Note that scripts need not necessarily be written in bash to be called from the terminal. For instance, here’s a simple Python script that outputs its arguments in reversed order:

1#!/usr/local/bin/python
2import sys
3for arg in reversed(sys.argv[1:]):
4 print(arg)

Finding files

1# Find all directories named src
2find . -name src -type d
3# Find all python files that have a folder named test in their path
4find . -path '*/test/*.py' -type f
5# Find all files modified in the last day
6find . -mtime -1
7# Find all zip files with size in range 500k to 10M
8find . -size +500k -size -10M -name '*.tar.gz'

fd is a simple, fast, and user-friendly alternative to find. It offers some nice defaults like colorized output, default regex matching, and Unicode support. It also has, in my opinion, a more intuitive syntax. For example, the syntax to find a pattern PATTERN is fd PATTERN.

Finding code

grep -C 5 will print 5 lines before and after the match. When it comes to quickly search through many files, you want to use -R since it will Recursively go into directories and look for files for the matching string.

But grep -R can be improved in many ways, such as ignoring .git folders, using multi CPU support, &c. Many grep alternatives have been developed, including ack, ag and rg.

1# Find all python files where I used the requests library
2rg -t py 'import requests'
3# Find all files (including hidden files) without a shebang line
4rg -u --files-without-match "^#!"
5# Find all matches of foo and print the following 5 lines
6rg foo -A 5
7# Print statistics of matches (# of matched lines and files )
8rg --stats PATTERN

Finding shell commands

The history command will let you access your shell history programmatically. It will print your shell history to the standard output.
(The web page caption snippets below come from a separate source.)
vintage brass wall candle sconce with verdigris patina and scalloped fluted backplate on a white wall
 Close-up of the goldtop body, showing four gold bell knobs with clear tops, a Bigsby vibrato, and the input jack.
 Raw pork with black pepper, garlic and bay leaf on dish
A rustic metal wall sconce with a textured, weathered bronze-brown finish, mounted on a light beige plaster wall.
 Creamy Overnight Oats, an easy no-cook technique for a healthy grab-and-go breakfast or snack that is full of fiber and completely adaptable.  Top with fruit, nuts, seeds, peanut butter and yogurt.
If we want to search there we can pipe that output to grep and search for patterns. history | grep find will print commands that contain the substring “find”.

In most shells, you can make use of Ctrl+R to perform backward search through your history.

Another cool history-related trick I really enjoy is history-based autosuggestions. First introduced by the fish shell, this feature dynamically autocompletes your current shell command with the most recent command that you typed that shares a common prefix with it. It can be enabled in zsh and it is a great quality of life trick for your shell.

Today I learned how to add history-based autosuggestions to my terminal.

The first thing you need to do is to install Oh My Zsh

After installing Oh My Zsh, you need to install zsh-autosuggestions based on your system

Finally, you clone this repository using

1git clone https://github.com/zsh-users/zsh-autosuggestions ${ZSH_CUSTOM:-~/.oh-my-zsh/custom}/plugins/zsh-autosuggestions

Add the plugin to the list of plugins for Oh My Zsh to load (inside ~/.zshrc):

1plugins=(zsh-autosuggestions)

and to apply the changes run

1exec zsh

Directory Navigation

More complex tools exist to quickly get an overview of a directory structure: tree, broot or even full fledged file managers like nnn or ranger.

Exercises

Read [man ls](https://www.man7.org/linux/man-pages/man1/ls.1.html) and write an ls command that lists files in the following manner

  • Includes all files, including hidden files
  • Sizes are listed in human-readable format (e.g. 454M instead of 454279954)
  • Files are ordered by recency
  • Output is colorized
1ls -lath

Editors (Vim)

Exercises

  1. Complete vimtutor. Note: it looks best in a 80x24 (80 columns by 24 lines) terminal window.
  2. Download our basic vimrc and save it to ~/.vimrc. Read through the well-commented file (using Vim!), and observe how Vim looks and behaves slightly differently with the new config.
  3. Install and configure a plugin: ctrlp.vim.
    1. Create the plugins directory with mkdir -p ~/.vim/pack/vendor/start
    2. Download the plugin: cd ~/.vim/pack/vendor/start; git clone https://github.com/ctrlpvim/ctrlp.vim
    3. Read the documentation for the plugin. Try using CtrlP to locate a file by navigating to a project directory, opening Vim, and using the Vim command-line to start :CtrlP.
    4. Customize CtrlP by adding configuration to your ~/.vimrc to open CtrlP by pressing Ctrl-P.
  4. To practice using Vim, re-do the Demo from lecture on your own machine.
  5. Use Vim for all your text editing for the next month. Whenever something seems inefficient, or when you think “there must be a better way”, try Googling it, there probably is. If you get stuck, come to office hours or send us an email.
  6. Configure your other tools to use Vim bindings (see instructions above).
  7. Further customize your ~/.vimrc and install more plugins.

Data Wrangling

Command-line Environment

Terminal Multiplexers

Terminal multiplexers like tmux allow you to multiplex terminal windows using panes and tabs so you can interact with multiple shells sessions. Moreover, terminal multiplexers let you detach a current terminal session and rettach at some point later in time.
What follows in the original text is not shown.